Durante años, los gobiernos han intentado mejorar el rostro de las corporaciones con uniformes nuevos, patrullas blindadas y, sobre todo, mejores salarios. Se ha repetido el mantra de que con sueldos dignos llegarían la honestidad, la vocación y el compromiso. Pero no ha sido así. Algo no está funcionando. Lo estructural sigue pudriéndose desde adentro.
Nadie se ha atrevido a mirar de verdad a los policías. ¿Qué pasa por sus mentes? ¿Qué los lleva a cruzar la línea entre el deber y la complicidad? No existe un estudio serio, con rigor psicológico y sociológico, que nos explique qué sueñan, qué temen, qué arrastran del pasado, qué entienden por justicia, qué valores los rigen o los destruyen. ¿Cuántos de ellos cargan con traumas, deudas, humillaciones, adicciones o deseos de poder que acaban por volverse peligrosos?

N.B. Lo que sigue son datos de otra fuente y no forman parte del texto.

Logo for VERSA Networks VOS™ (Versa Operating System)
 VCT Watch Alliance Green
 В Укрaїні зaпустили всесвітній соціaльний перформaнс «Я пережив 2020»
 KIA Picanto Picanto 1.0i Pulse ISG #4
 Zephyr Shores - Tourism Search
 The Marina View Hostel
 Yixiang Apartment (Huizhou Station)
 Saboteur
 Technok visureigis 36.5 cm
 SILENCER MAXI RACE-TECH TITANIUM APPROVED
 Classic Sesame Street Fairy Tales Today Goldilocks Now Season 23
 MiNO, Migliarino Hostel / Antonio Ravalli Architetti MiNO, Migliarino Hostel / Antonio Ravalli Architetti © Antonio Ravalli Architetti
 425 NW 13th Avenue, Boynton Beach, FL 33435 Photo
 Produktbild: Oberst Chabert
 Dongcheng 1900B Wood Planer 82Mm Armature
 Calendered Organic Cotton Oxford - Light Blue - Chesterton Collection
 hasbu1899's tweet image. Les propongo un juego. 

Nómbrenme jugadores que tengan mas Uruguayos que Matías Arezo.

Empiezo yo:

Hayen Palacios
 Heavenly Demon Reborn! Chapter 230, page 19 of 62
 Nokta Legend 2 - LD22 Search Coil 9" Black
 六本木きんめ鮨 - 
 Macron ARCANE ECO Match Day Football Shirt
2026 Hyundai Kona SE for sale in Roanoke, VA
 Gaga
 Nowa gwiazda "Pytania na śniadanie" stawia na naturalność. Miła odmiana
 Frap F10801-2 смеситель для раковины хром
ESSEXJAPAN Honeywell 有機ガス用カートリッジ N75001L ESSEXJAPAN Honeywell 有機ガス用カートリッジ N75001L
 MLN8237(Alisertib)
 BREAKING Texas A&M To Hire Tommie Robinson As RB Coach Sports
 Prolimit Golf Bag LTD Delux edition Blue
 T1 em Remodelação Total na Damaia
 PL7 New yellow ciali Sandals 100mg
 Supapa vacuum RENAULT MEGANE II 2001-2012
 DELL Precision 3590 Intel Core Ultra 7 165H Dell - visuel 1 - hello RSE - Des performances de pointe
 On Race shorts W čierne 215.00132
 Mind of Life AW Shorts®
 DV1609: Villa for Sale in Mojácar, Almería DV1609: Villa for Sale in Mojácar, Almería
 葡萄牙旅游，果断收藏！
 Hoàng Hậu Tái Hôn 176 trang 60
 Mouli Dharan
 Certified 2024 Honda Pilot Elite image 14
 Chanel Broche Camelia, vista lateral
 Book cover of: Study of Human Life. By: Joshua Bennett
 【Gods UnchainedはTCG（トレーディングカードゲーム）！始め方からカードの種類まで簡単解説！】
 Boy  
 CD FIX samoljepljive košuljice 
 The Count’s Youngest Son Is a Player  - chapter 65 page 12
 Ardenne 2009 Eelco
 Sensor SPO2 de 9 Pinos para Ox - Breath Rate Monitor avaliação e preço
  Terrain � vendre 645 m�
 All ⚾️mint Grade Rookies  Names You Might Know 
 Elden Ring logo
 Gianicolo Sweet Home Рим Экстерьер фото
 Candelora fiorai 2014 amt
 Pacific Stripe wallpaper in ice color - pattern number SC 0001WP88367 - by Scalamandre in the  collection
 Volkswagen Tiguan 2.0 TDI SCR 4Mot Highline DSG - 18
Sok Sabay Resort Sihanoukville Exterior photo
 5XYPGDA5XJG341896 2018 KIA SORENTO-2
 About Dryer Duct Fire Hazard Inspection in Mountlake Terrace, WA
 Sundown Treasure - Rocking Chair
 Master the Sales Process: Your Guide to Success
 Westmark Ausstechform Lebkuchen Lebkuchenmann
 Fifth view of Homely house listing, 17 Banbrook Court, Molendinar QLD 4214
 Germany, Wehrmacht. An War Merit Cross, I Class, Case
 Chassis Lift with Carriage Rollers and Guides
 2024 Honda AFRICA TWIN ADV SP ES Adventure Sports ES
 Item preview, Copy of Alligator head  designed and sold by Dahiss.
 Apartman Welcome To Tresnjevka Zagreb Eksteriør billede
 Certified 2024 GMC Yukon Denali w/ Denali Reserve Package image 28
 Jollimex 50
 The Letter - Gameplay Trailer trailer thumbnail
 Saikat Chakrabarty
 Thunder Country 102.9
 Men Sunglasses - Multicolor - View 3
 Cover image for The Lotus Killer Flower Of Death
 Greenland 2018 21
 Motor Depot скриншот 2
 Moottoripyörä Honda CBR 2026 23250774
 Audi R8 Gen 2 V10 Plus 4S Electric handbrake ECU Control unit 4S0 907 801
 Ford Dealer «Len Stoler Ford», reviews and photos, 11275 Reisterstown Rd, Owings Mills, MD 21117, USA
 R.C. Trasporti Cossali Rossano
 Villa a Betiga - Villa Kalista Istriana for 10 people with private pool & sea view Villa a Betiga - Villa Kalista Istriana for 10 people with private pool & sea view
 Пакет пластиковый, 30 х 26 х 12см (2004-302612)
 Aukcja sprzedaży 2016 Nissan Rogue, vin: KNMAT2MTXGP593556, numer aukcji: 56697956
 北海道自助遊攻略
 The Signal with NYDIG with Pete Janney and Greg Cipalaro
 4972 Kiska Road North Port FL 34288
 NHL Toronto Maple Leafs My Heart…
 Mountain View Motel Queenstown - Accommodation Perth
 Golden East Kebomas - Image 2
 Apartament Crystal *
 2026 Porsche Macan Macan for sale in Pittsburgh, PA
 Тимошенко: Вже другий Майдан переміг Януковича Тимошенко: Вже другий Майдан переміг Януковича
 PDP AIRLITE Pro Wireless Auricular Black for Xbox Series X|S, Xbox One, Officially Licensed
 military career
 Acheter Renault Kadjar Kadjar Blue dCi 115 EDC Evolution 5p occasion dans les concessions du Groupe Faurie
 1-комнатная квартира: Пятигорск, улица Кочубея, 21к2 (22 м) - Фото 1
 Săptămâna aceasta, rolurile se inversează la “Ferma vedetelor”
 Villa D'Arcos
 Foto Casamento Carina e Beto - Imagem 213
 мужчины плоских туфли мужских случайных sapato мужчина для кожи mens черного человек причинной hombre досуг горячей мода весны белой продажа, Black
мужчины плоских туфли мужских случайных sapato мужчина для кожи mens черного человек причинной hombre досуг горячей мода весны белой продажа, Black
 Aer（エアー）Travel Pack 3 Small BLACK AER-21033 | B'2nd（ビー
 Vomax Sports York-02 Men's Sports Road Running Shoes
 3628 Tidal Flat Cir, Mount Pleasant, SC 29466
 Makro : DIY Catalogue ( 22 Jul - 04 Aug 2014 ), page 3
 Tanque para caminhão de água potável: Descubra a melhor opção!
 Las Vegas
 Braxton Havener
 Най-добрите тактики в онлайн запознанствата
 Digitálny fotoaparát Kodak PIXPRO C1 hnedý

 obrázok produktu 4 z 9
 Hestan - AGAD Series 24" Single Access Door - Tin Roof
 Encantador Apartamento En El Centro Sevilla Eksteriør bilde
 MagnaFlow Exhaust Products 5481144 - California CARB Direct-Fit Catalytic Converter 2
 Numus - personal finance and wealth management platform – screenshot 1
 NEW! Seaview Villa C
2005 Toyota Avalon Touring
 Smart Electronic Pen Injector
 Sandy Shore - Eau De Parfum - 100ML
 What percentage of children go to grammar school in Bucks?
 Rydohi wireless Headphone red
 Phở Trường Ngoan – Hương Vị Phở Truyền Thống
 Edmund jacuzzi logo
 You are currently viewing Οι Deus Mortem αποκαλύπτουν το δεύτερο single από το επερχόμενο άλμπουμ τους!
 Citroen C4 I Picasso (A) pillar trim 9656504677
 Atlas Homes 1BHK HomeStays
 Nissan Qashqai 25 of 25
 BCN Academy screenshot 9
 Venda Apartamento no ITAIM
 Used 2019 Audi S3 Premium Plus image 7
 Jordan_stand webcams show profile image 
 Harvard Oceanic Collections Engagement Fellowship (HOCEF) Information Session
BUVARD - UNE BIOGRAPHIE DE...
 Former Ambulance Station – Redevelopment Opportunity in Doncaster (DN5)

Las pruebas de control y confianza se han vuelto un trámite. Las sanciones y los códigos internos se aplican con lentitud o con discrecionalidad. Y las leyes, cuando existen, no se traducen en resultados. Los Congresos no legislan con eficacia. Los Ejecutivos no operan con eficiencia. Los ministerios públicos no investigan. Y los jueces –cuando no están cooptados– simplemente duermen. Es un sistema de vigilancia sin vigilantes, una justicia sin músculo, una seguridad que da miedo.
En este contexto, no es descabellado preguntarse si debemos replantear por completo el modelo. ¿Y si desaparecen las policías municipales y estatales? ¿Y si la Guardia Nacional asume de lleno la función, bajo estándares únicos y supervisión civil real? Sería un salto drástico, con riesgos, pero tal vez menor que el peligro de seguir fingiendo que todo puede corregirse con un nuevo jefe, una limpieza interna o un incremento salarial.
Lo cierto es que estamos ante una crisis ética, funcional y estructural. Y como sociedad, ya no podemos seguir cruzándonos de brazos o culpando al “mal elemento”.
Entonces: ¿Qué hacemos con los policías? Mientras aún nos queda algo por salvar.